Total: 10 steps, 8 AWS API calls + 9 kubectl calls.

In step 9, the agent internally spawned a subtask (investigate-scale-down-event) and analyzed EKS Control Plane audit logs (stored in CloudWatch Logs under the /aws/eks/eks-sandbox/cluster log group). Audit logs record every request to the Kubernetes API server. The agent extracted the PATCH operation on deployments/ui/scale and identified the operator's IAM role, source IP, and tool (User-Agent).

Root Cause Identified

The agent accurately identified:

User "tahshiny" (AWS SSO, ConsoleAdministratorAccess role) used kubectl v1.35.3 from IP 114.148.251.28 to execute a PATCH operation on deployments/ui/scale, setting replicas to 0.

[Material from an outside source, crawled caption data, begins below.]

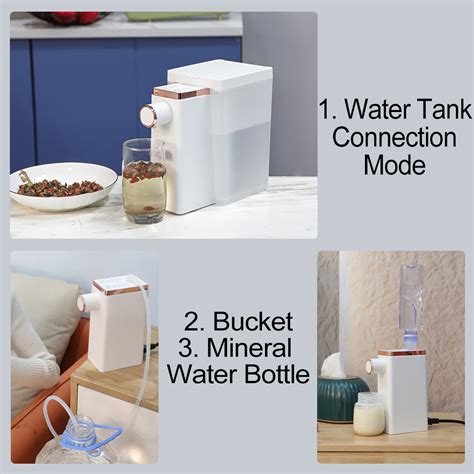 SG READY STOCK Instant Hot Water Dispenser With 5 Temperature Portable Hot Cold Smart
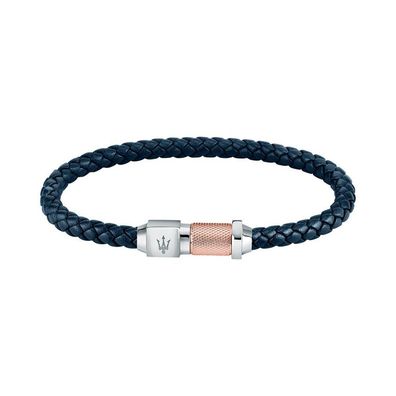 Elegantní koený náramek Recyceltes Leder JM223AVE16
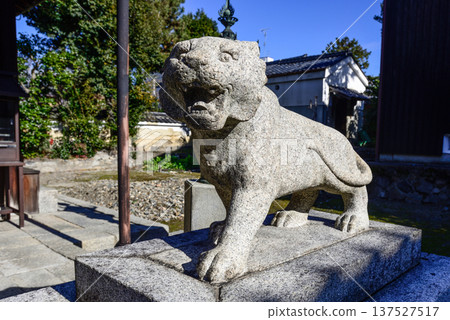 Kenninji Temple Sub-Temple Ryosokuin Shrine Bishamonten Hall Komatora Kenninji Temple Sub-Temple Ryosokuin Shrine Bishamonten Hall Komatora 137527517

Beyond just "replicas are 0," the agent extracted the operator, tool, source IP, and exact timestamp from EKS Control Plane audit logs. It also detected that the same user had performed a similar operation on the carts Deployment minutes earlier.

Verification 2: Infrastructure Failure Root Cause Identification

Scale CoreDNS to 0 replicas to shut down DNS resolution across the cluster. The original plan expected DNS failures to cascade to applications, causing external health check failures that would trigger the auto-investigation pipeline. However, as described below, the auto-trigger didn't fire. We instead used a manual Webhook to provide the agent with failure information, effectively comparing how the agent investigates when given specific failure context versus the vague alert in Verification 1.

Fault Injection

Terminal

kubectl scale deployment coredns --replicas=0 -n kube-system

An unexpected finding: stopping CoreDNS did not cause the Route 53 health check to fail. The reasons:

Route 53 health checks connect directly to the NLB's IP address, independent of in-cluster DNS
The UI Pod was already running, and its readiness probe checks localhost:8080 — no DNS needed
UI-to-backend communication uses DNS, but existing connection pools mask the impact until DNS cache expires

This is a realistic production scenario. Stopping CoreDNS doesn't immediately crash existing Pods. Impact only materializes when new Pods start or DNS cache entries expire.

Since the auto-trigger didn't fire, we invoked the Webhook manually to start the investigation. The payload included specific information:

Webhook payload

{
  "title": "EKS Health Alert: eks-coredns-down",
  "description": "CoreDNS pods scaled to 0 in kube-system namespace. Multiple services experiencing DNS resolution failures in EKS cluster eks-sandbox (ap-northeast-1)."
}

Including "CoreDNS" and "kube-system" in the payload significantly influenced the agent's investigation strategy, as discussed below.

Timeline

Event	Time (JST)	Elapsed
Fault injection	23:21:10	—
Manual Webhook invocation	23:29:28	—
DevOps Agent investigation started	23:29:42	+0:14 (from Webhook)
DevOps Agent investigation completed	23:33:49	+4:21 (from Webhook)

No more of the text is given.